_ASSIGNED TASK_
Skip the pictures. Quote every line below, exactly, from the one with "May include: Two" through the final line.

_COLLECTED DATA_
_ _ _ _ _

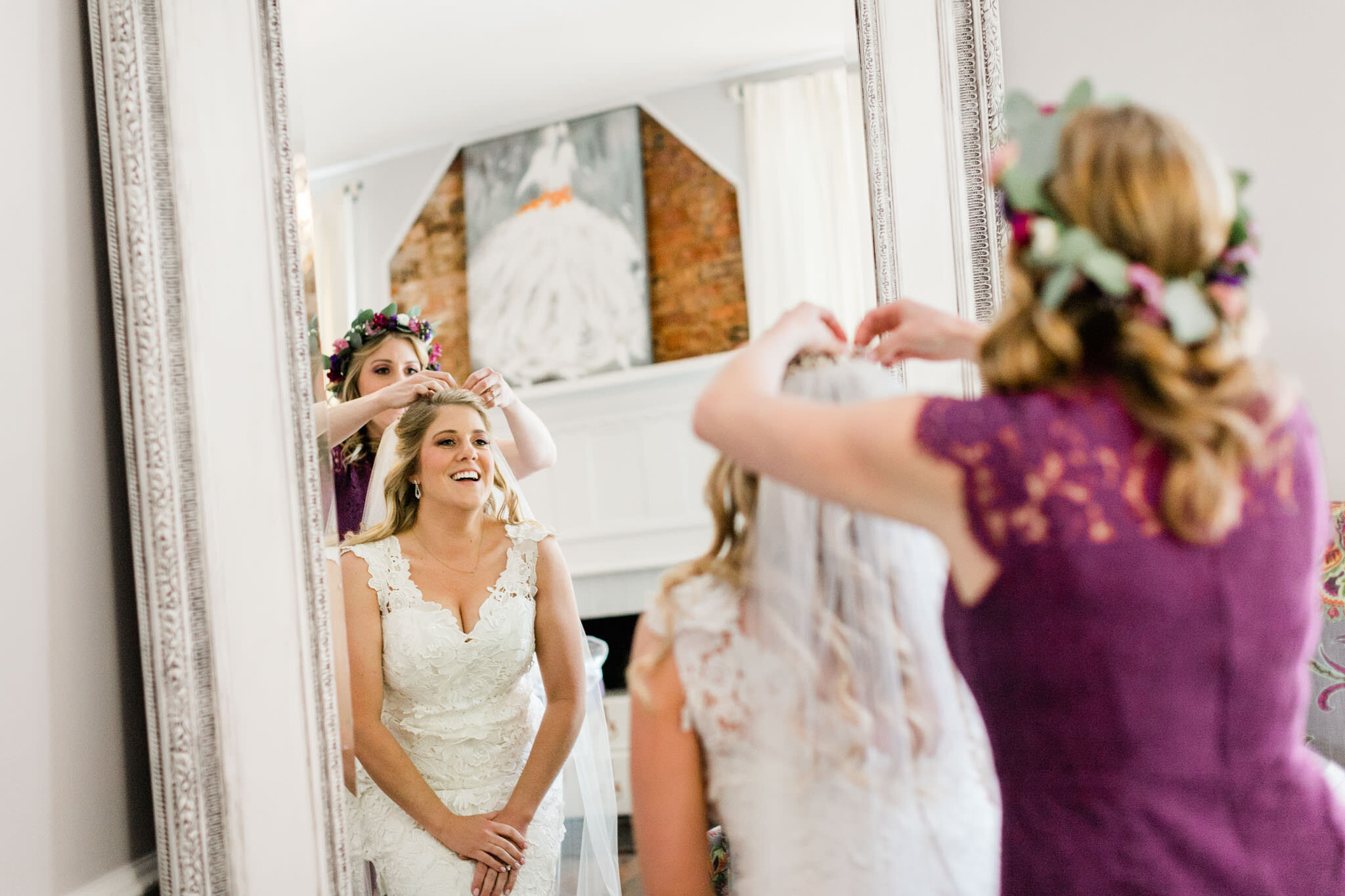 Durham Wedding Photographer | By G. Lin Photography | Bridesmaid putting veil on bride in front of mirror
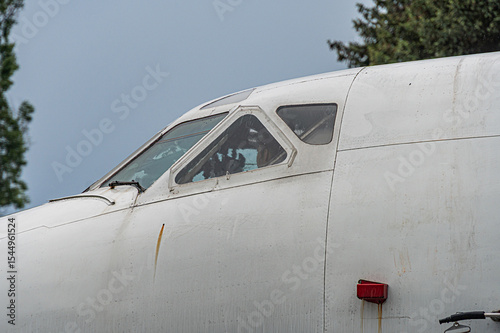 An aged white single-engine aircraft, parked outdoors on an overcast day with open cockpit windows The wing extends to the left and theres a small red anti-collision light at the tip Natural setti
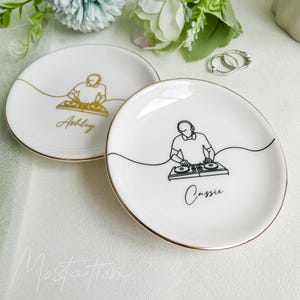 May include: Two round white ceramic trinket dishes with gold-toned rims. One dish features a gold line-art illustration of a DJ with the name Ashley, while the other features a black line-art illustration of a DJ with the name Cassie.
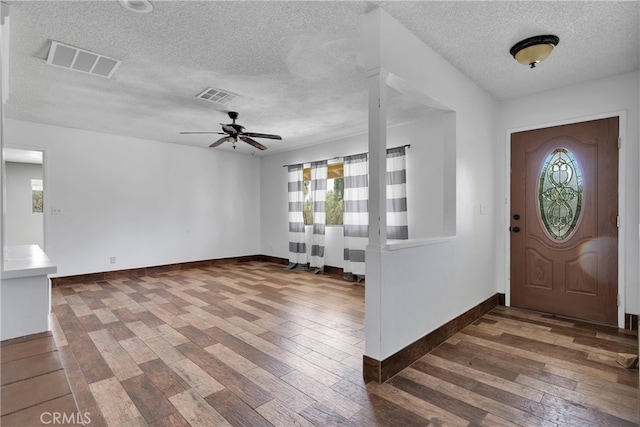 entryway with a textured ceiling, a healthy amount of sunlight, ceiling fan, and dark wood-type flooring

_ _ _ _ _

_WRITTEN ANSWER_
 May include: Two round white ceramic trinket dishes with gold-toned rims. One dish features a gold line-art illustration of a DJ with the name Ashley, while the other features a black line-art illustration of a DJ with the name Cassie.
 entryway with a textured ceiling, a healthy amount of sunlight, ceiling fan, and dark wood-type flooring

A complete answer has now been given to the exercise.